O censo é um passo, mas a política que o cerca provoca
algumas dúvidas. A Prefeitura sabia, por exemplo, que a Universidade Federal de
São Paulo (UNIFESP), sediada em Santos e com cursos nas áreas de Psicologia e
Serviço Social, está produzindo uma pesquisa sobre a população de rua?
As
informações estão no site da instituição, o assunto saiu na imprensa local, e
servidores municipais se encontraram com professores e estudantes da
universidade este ano. A promessa é que os resultados sejam divulgados em
agosto, antes mesmo do início dos trabalhos da Fipe.
A
Secretaria de Assistência Social estimava, há cerca de duas semanas, mil pessoas
na rua. O fato é que basta andar pela cidade, dos bairros nobres da orla aos
menos abastados, para constatar a grande quantidade de gente morando embaixo de
marquises, perto de armazéns e nas calçadas.
Na
primeira gestão de João Paulo Tavares Papa, a Prefeitura falava em 300
moradores de rua. O limite dos abrigos era de 150 vagas. Na segunda gestão, o
número de gente desabrigada dobrou. O número nos abrigos permaneceu igual;
aliás, o mesmo até agora.
O
atual prefeito esperou sete meses para anunciar as medidas, exatamente no
período mais frio do ano. Por que não se baseou na fábula da formiga e da
cigarra e acelerou no verão? Se pensarmos que o censo começará em setembro, o
trabalho será concluído somente no início de 2014. As dores do frio de hoje, de
amanhã e da próxima semana vão aguardar?
A Fipe
deverá descobrir o que assistentes sociais, psicólogos e operadores sociais
comentam nos corredores da Prefeitura depois de ouvir no atendimento nas ruas. Parte
desta população marginalizada tem origem em outras cidades da região, e muitos
vieram de São Paulo.
Santos
vai cobrar que as cidades vizinhas assumam responsabilidades? Haverá a implantação
de políticas públicas metropolitanas? Até agora, a agência-cabide só gastou
saliva, sorrisos e cafezinho. A Região Metropolitana ainda é um nome bonito
para os jornais e a classe política.
De
concreto, a Prefeitura inaugurou um centro de acolhimento para os moradores de
rua, visando atendimento diurno. O imóvel pertence ao Albergue Noturno e fica
na rua Conselheiro Saraiva, na Vila Nova. O aluguel custa R$ 3 mil por mês. Havia
a necessidade urgente de um espaço com estes objetivos.
No
entanto, o centro de acolhimento levanta outra dificuldade. E a mão-de-obra
especializada para atender os moradores? Os espaços de assistência social
operam no limite da capacidade. O orçamento da pasta não permite voos substanciais.

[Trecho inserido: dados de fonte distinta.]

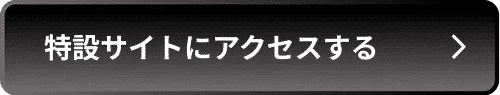 特設サイトにアクセスする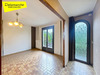 Ma-Cabane - Vente Maison MARCEY-LES-GREVES, 107 m²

Em abrigos noturnos, é comum apenas dois funcionários para cuidar de até 30
pessoas, muitas delas dependentes químicos.
A impressão é que o pacote reproduz o velho método de
política de Governo, que por conveniência deixa no canto o passado e não
projeta a longo prazo. Isso sem falar na necessidade de contexto, que inclui diálogo
com demais áreas da Prefeitura, para que o morador deixe em definitivo sua
condição de miserabilidade.
Se
isso acontecer, teremos política pública, que ultrapassa a validade de quatro
anos. Até porque, para quem utiliza uma marquise como teto do quarto sem portas
e janelas, as noites têm sido longas demais.